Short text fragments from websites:
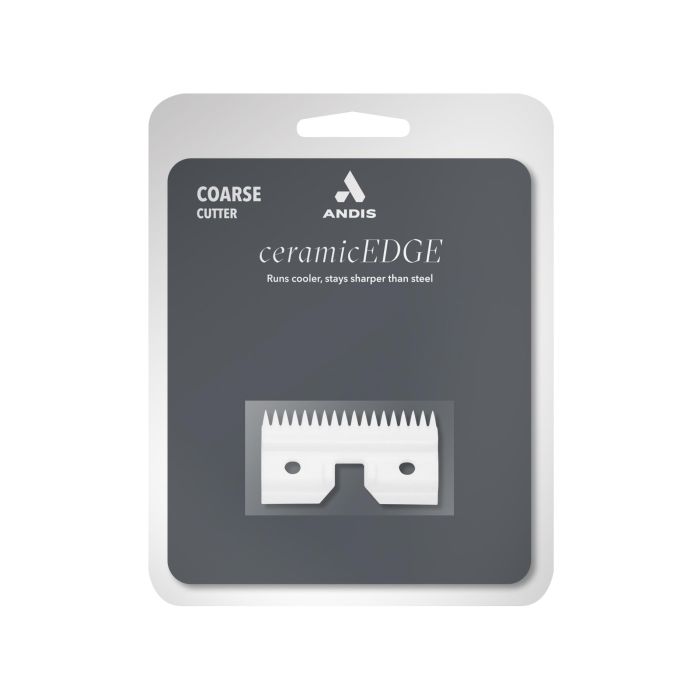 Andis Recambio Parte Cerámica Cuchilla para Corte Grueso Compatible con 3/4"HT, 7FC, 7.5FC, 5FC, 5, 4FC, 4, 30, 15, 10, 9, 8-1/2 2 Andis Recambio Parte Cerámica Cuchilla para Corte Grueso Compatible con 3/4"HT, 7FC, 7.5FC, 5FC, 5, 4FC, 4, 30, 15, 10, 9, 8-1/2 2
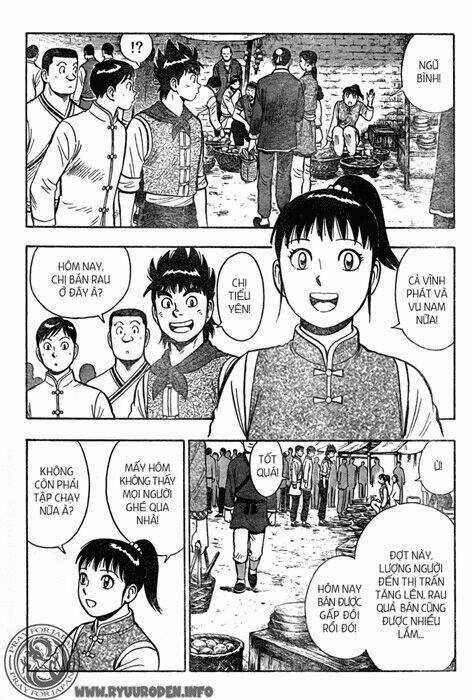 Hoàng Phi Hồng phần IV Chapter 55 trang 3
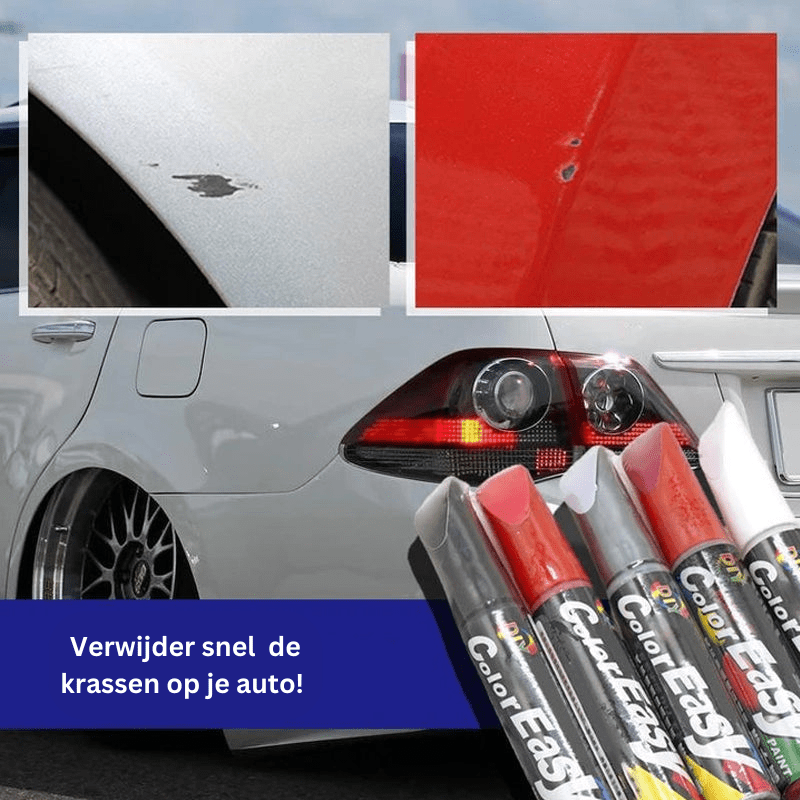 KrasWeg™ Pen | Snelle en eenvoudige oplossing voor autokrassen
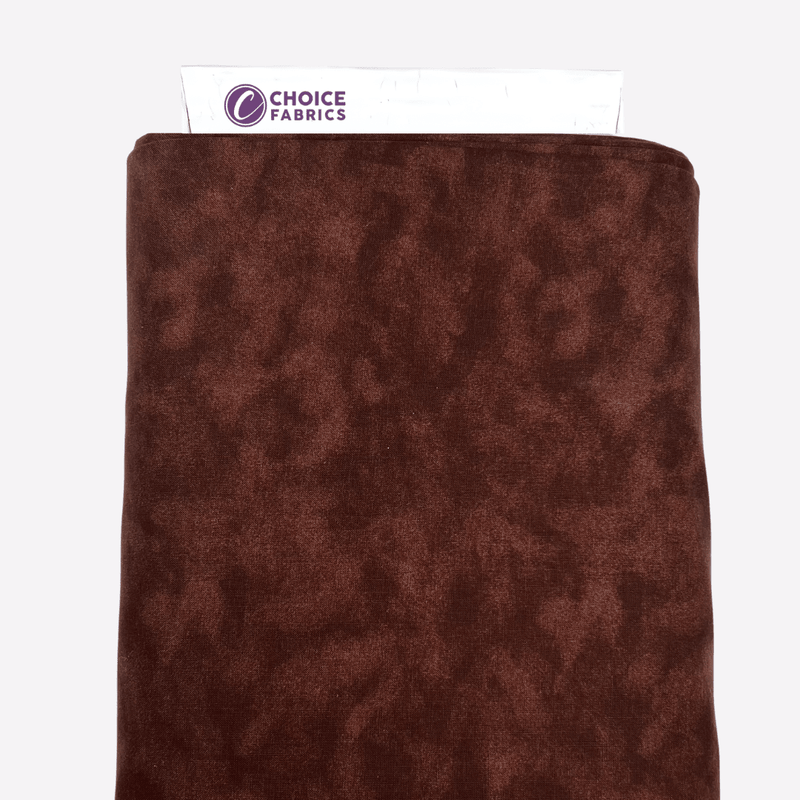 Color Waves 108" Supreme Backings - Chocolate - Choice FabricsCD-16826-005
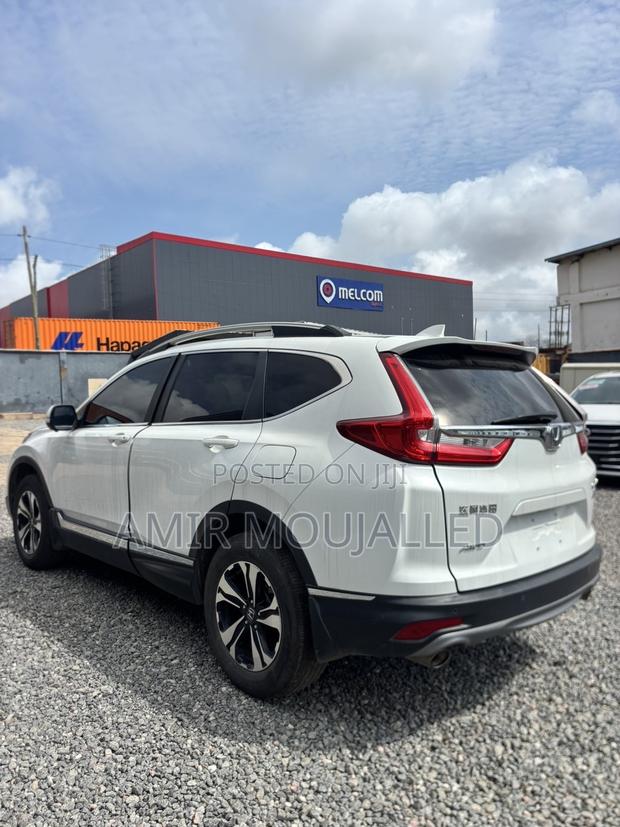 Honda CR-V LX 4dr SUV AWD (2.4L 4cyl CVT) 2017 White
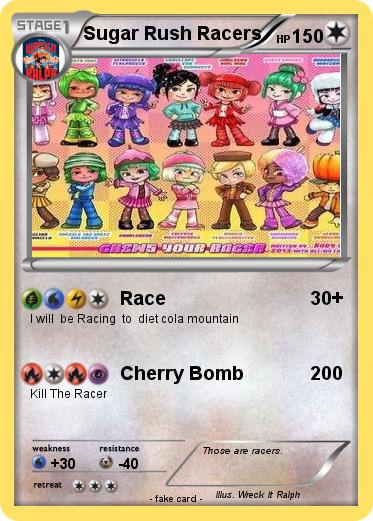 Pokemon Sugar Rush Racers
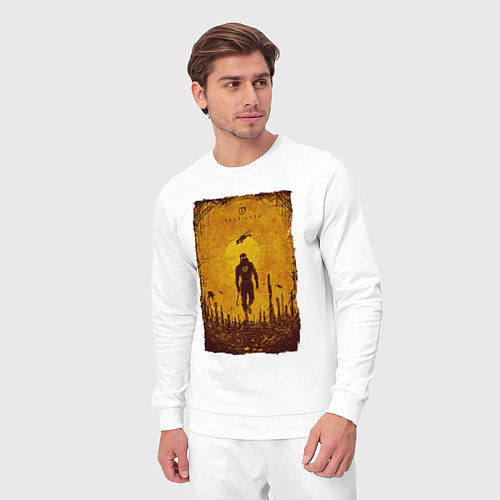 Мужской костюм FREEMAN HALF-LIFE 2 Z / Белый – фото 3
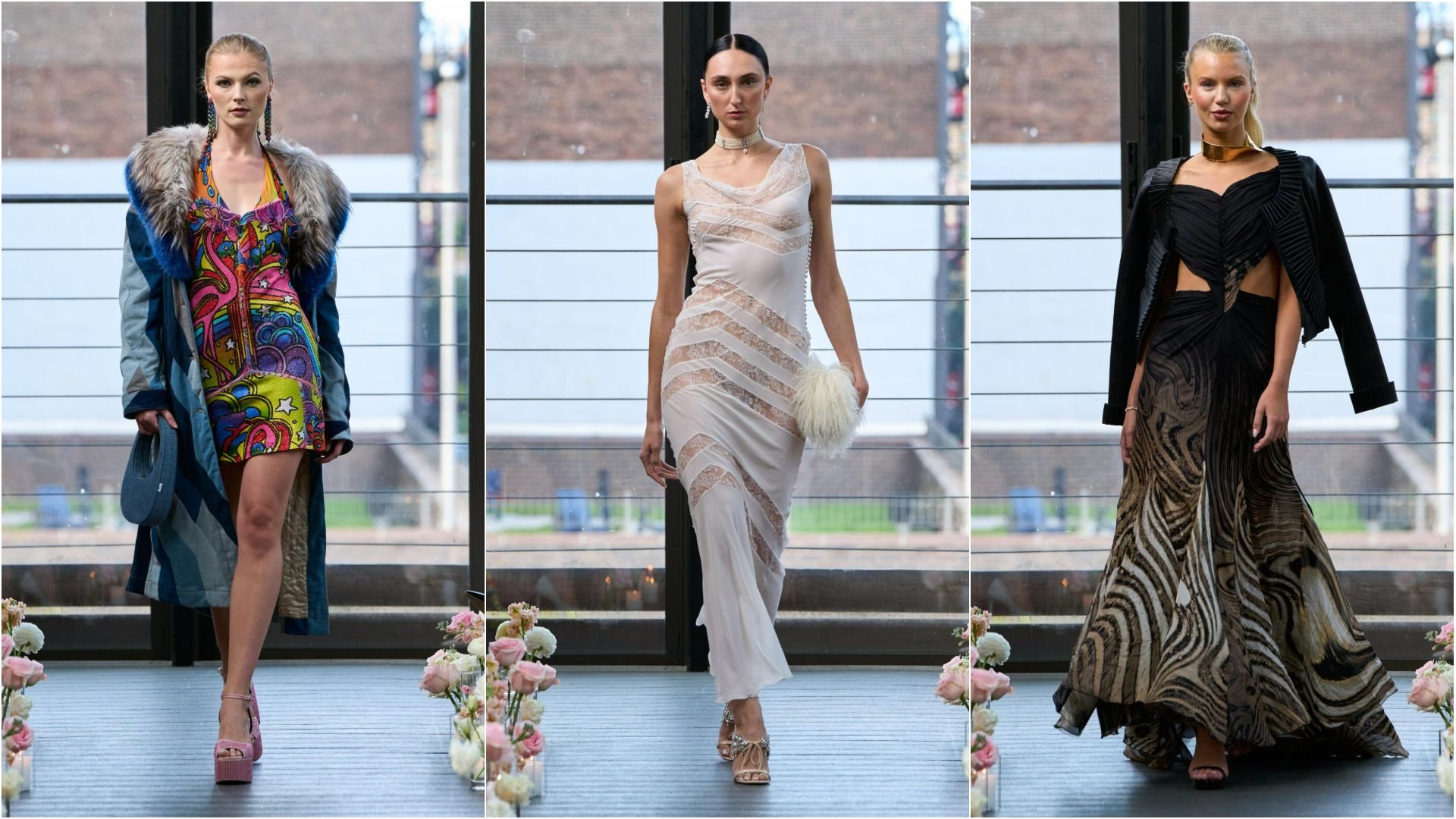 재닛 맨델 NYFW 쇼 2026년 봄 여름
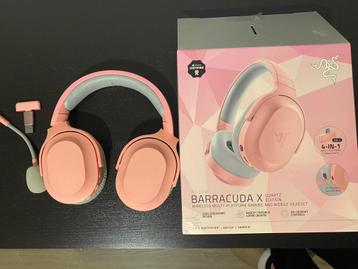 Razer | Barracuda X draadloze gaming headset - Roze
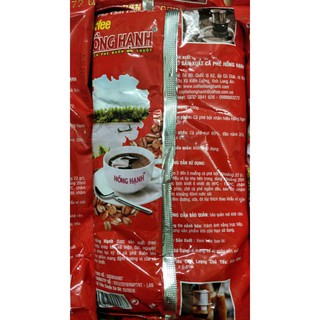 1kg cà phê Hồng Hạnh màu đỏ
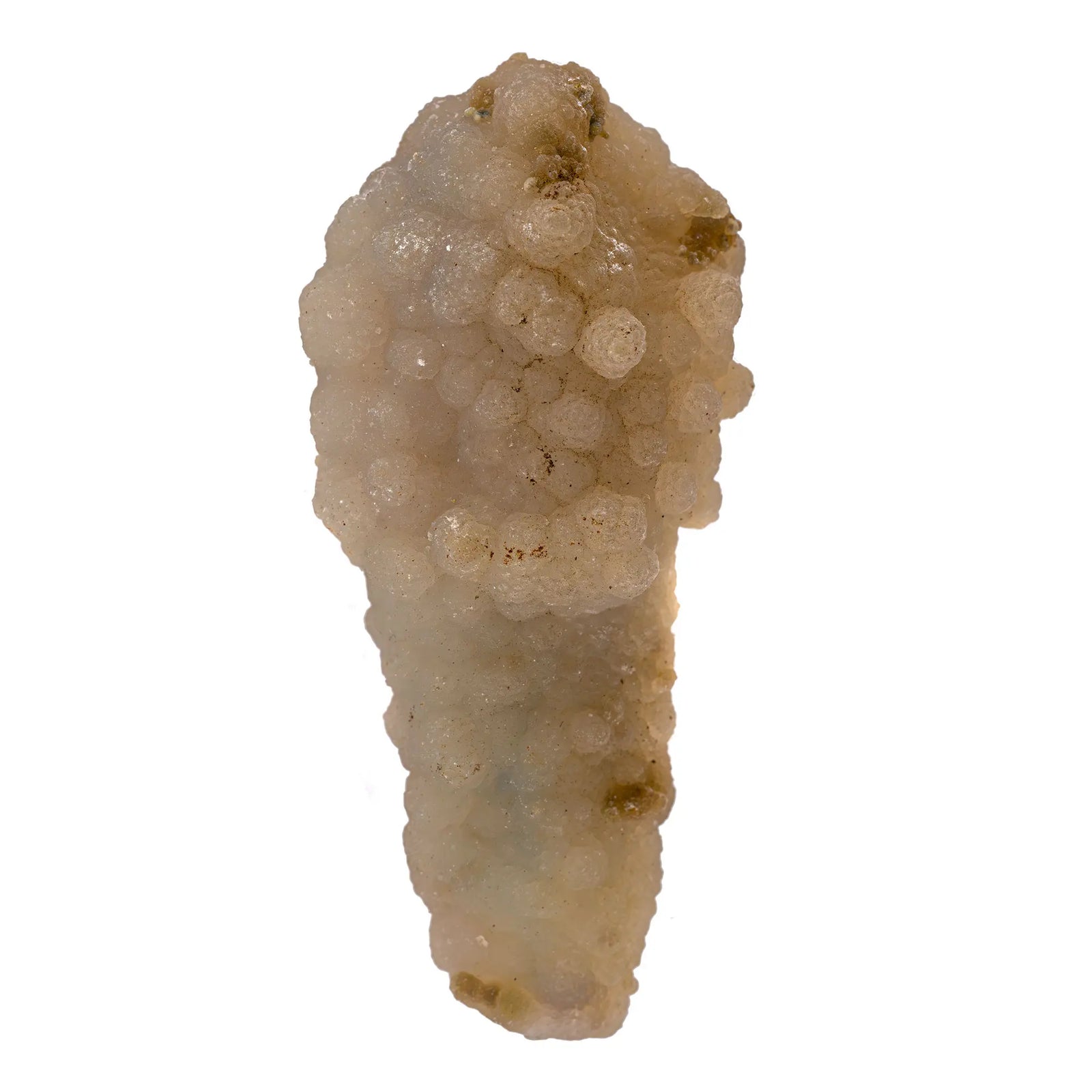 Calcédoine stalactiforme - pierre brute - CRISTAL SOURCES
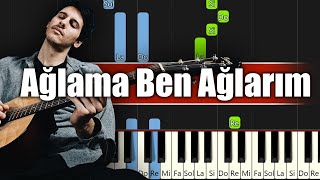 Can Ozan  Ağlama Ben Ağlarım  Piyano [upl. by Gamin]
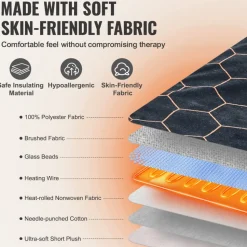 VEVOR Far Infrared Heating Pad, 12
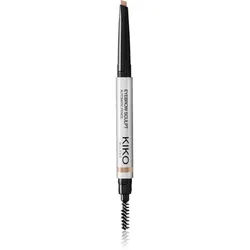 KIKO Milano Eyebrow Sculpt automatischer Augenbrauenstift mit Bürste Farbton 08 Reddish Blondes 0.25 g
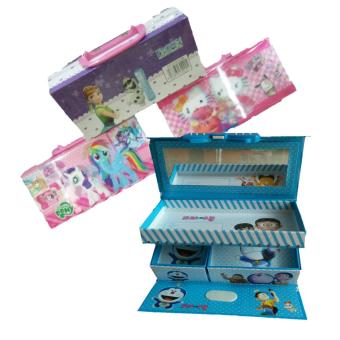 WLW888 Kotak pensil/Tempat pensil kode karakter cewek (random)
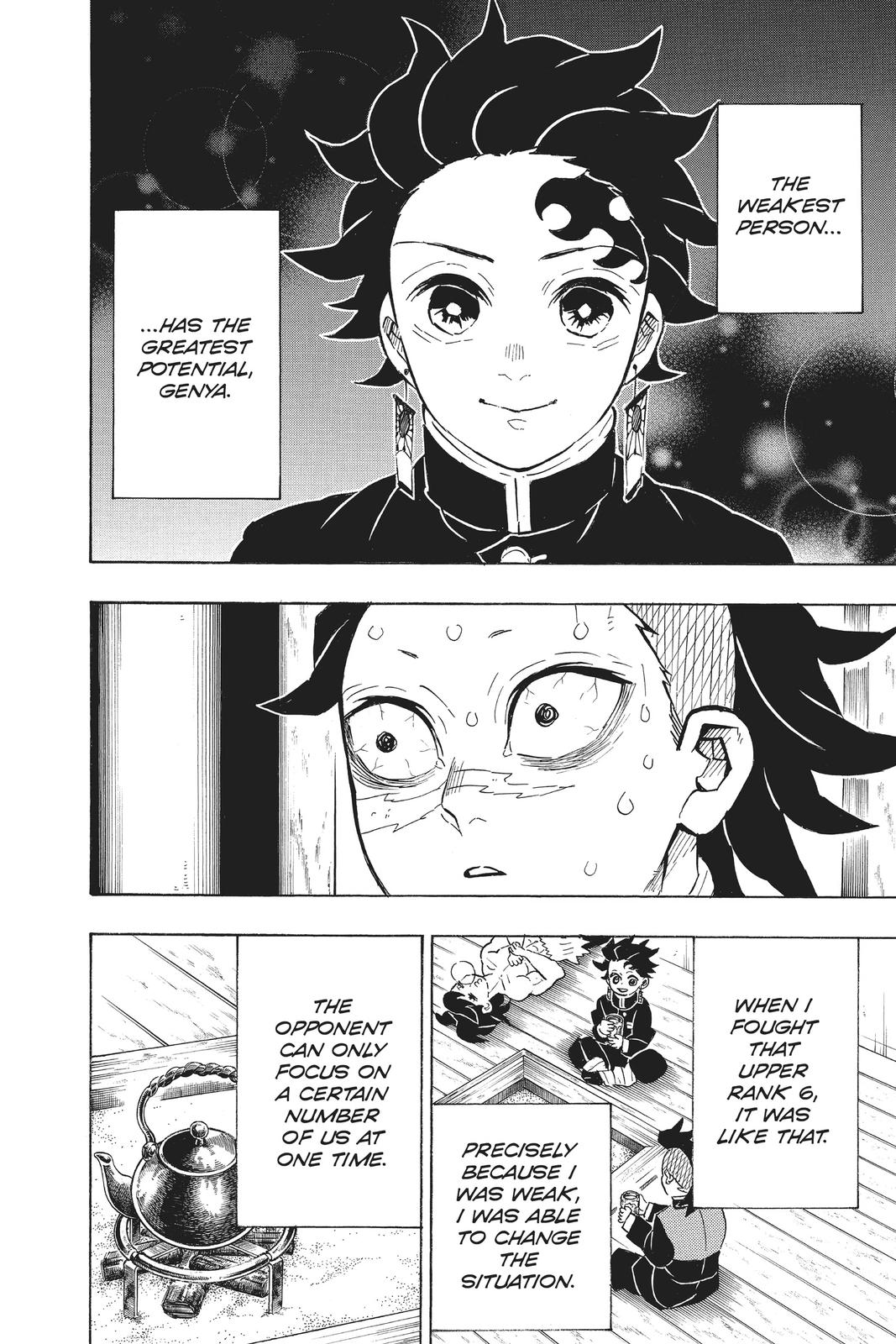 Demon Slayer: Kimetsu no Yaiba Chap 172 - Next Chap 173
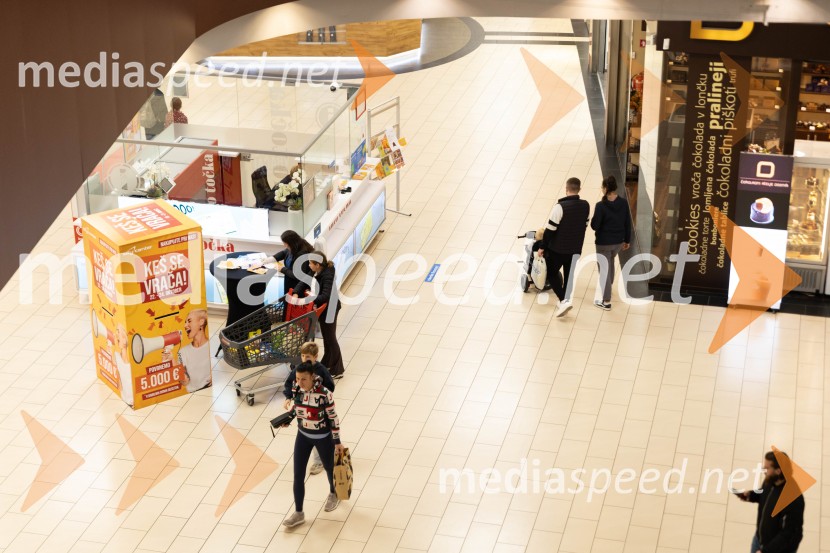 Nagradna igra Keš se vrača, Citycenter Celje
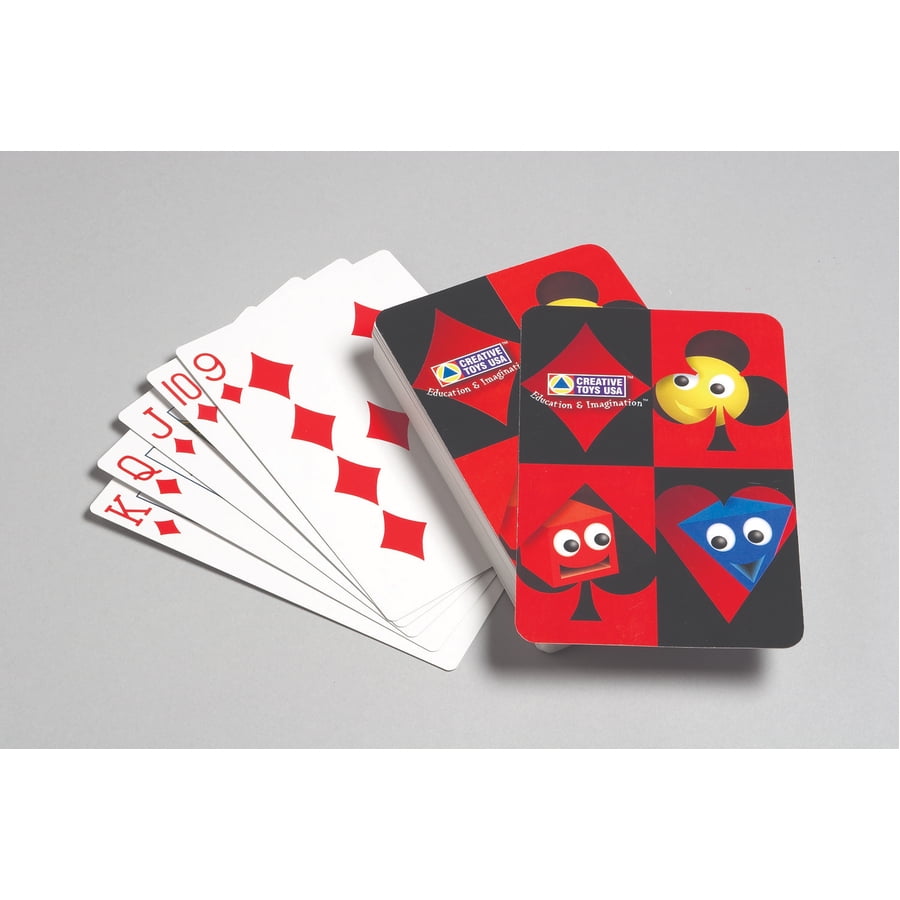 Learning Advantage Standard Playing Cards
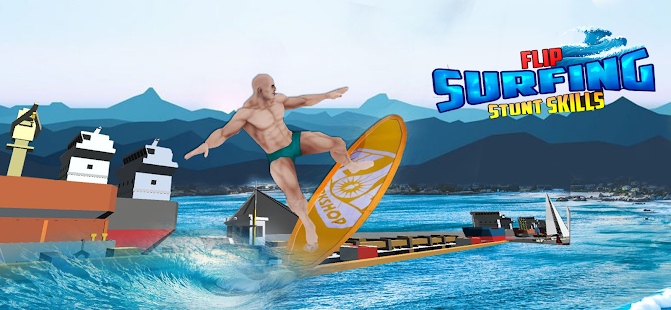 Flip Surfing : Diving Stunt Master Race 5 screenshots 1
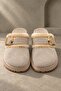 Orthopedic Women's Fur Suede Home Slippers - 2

Task directions: Each record is to be restated word for word; no picture goes in.

Result:
 Andis Recambio Parte Cerámica Cuchilla para Corte Grueso Compatible con 3/4"HT, 7FC, 7.5FC, 5FC, 5, 4FC, 4, 30, 15, 10, 9, 8-1/2 2 Andis Recambio Parte Cerámica Cuchilla para Corte Grueso Compatible con 3/4"HT, 7FC, 7.5FC, 5FC, 5, 4FC, 4, 30, 15, 10, 9, 8-1/2 2
 Hoàng Phi Hồng phần IV Chapter 55 trang 3
 KrasWeg™ Pen | Snelle en eenvoudige oplossing voor autokrassen
 Color Waves 108" Supreme Backings - Chocolate - Choice FabricsCD-16826-005
 Honda CR-V LX 4dr SUV AWD (2.4L 4cyl CVT) 2017 White
 Pokemon Sugar Rush Racers
 Мужской костюм FREEMAN HALF-LIFE 2 Z / Белый – фото 3
 재닛 맨델 NYFW 쇼 2026년 봄 여름
 Razer | Barracuda X draadloze gaming headset - Roze
 1kg cà phê Hồng Hạnh màu đỏ
 Calcédoine stalactiforme - pierre brute - CRISTAL SOURCES
 Can Ozan  Ağlama Ben Ağlarım  Piyano [upl. by Gamin]
 VEVOR Far Infrared Heating Pad, 12
 KIKO Milano Eyebrow Sculpt automatischer Augenbrauenstift mit Bürste Farbton 08 Reddish Blondes 0.25 g
 WLW888 Kotak pensil/Tempat pensil kode karakter cewek (random)
 Demon Slayer: Kimetsu no Yaiba Chap 172 - Next Chap 173
 Nagradna igra Keš se vrača, Citycenter Celje
 Learning Advantage Standard Playing Cards
 Flip Surfing : Diving Stunt Master Race 5 screenshots 1
 Orthopedic Women's Fur Suede Home Slippers - 2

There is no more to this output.